All these routes end up at the three base camps from where the summit starts.
Climbers are supposed to use these routes only or they might get lost or would never make their way to the summit. Marangu and Mweka are the only two descent routes.
First Climber of Kilimanjaro:
This adventurous mountain was first climbed back in 1889 by a German geologist named Hans Mayer along with an 18-year-old local guide named Kinyala Lauwo, who is also famous as ‘The Old Man of Kilimanjaro’. Mayer tried to climb in 1887 also and made it to the base of Kibo but he had to turn around for some reason. Later, he tried again and succeeded.
Half of the People Fail To Climb:
Almost 35,000 people attempt to climb this mountain. But only half of them succeed in doing so. Many people have to turn back due to the Altitude related problems up there. Other reasons include the wrong route and other health problems. People often choose the shorter routes to reach faster which ends up causing them to surrender because shorter routes are dangerous. Along with that, people with health issues should keep their health first and must consult doctors before advancing towards a daring journey. Moreover, you must do proper research about the routes and other issues you might face while hiking. A reputable guide can be hired for this purpose also.
The Wonder of Africa:
Kilimanjaro is one of the seven natural wonders of Africa. The other six are;
- Sahara Desert
- Nile River
- Serengeti Migration
- Ngorongoro Crater
- Red Sea Reef
- Okavango Delta
Dry Season is the Best to Climb:
Although, you can climb Mount Kilimanjaro almost every season. But the dry season is considered to be the best season for climbing. You should either go between January to March or June to October. The weather gets cold in the evening and you will also experience minimal rainfall or snowfall while ascending. These are the two warmest trekking seasons that you should choose while planning. Moreover, you will also have clear sights while summiting during dry seasons.
Five Climate Zones:
One of the most distinctive and fascinating facts about Kilimanjaro is that this miraculous mountain boasts five climate zones which are;
- Cultivation Zone
- Forest Zone
- Heather-Moorland Zone
- Alpine Desert Zone
- Arctic Zone
There is cultivated land and rainforest at the base of the mountain. While advancing towards, you will see heath and moorland landscape. Gradually, this landscape will change into the alpine desert. On the top, you will see a glacial zone with an ash pit in the inner crater.

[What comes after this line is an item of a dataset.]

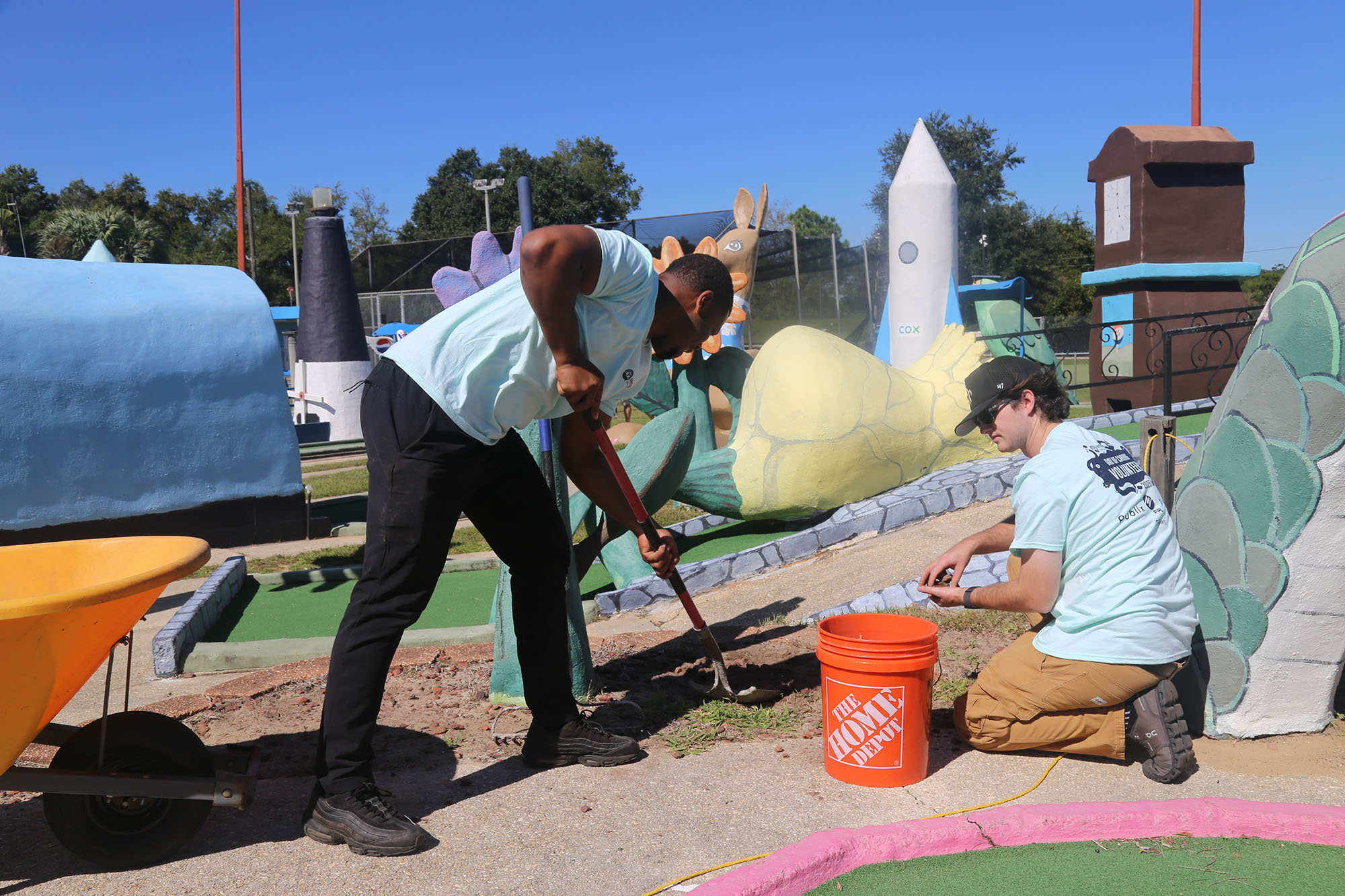 Engineering at Day of Caring Men doing landscaping work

Youngest and Oldest People to Climb:
A seven-year-old boy of Los Angeles named Keats Boyd climbed Mount Kilimanjaro in the year 2008. He has been considered the youngest to date.
Anne Lorimor, an 89-year-old woman, climbed Kilimanjaro in 2019 and she is the oldest person yet. This lady, five years back, climbed the same mountain at the age of 85. Then after five years, she succeeded again and made a world record.
This clearly explains that there’s no age limit to hike this mountain. Anything in the world can be done if you have passion!
This majestic mountain is like a dream for those who are fond of hiking. Hikers all over the world come to climb it every year. You don’t need to be a superman to climb this mountain. All you need is good health and be mentally prepared for the challenges. If climbing Kilimanjaro is on your to-do list, then these facts will surely help you. This is indeed an audacious mountain to hike and it can make you feel like you are on top of the world!